- PROBLEM DESCRIPTION:
Copy each line that includes the string "Dining" from the material into your answer.

- RECORD SET:

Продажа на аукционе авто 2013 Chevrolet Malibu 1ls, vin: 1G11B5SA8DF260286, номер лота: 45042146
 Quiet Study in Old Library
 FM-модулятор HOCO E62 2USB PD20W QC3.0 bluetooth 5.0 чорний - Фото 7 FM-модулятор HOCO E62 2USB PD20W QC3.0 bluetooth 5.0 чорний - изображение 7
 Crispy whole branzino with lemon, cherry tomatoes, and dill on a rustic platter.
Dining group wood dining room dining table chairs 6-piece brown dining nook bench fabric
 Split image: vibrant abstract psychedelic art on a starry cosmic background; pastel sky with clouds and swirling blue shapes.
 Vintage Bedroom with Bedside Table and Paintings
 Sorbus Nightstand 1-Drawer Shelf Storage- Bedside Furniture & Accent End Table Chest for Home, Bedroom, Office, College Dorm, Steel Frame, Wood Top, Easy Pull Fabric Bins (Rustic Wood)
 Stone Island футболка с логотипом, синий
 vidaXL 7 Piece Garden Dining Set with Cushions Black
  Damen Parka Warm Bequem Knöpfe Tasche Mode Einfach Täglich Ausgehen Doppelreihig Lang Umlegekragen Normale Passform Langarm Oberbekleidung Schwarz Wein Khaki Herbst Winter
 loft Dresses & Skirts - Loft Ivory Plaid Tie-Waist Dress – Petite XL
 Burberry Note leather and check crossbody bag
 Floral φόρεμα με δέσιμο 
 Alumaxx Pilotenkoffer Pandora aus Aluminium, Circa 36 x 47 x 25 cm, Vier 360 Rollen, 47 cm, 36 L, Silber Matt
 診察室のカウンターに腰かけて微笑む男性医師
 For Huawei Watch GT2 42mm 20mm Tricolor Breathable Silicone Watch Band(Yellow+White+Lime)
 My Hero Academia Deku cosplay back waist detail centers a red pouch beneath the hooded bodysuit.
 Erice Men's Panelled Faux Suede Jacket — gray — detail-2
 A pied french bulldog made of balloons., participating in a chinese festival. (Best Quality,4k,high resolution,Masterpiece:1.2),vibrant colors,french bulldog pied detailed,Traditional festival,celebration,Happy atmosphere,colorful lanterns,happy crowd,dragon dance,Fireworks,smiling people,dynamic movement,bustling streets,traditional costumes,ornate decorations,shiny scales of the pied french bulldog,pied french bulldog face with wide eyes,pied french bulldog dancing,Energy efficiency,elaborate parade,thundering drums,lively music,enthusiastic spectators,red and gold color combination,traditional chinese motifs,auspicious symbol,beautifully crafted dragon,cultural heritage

- SOLUTION TO THIS TASK:
Dining group wood dining room dining table chairs 6-piece brown dining nook bench fabric
 vidaXL 7 Piece Garden Dining Set with Cushions Black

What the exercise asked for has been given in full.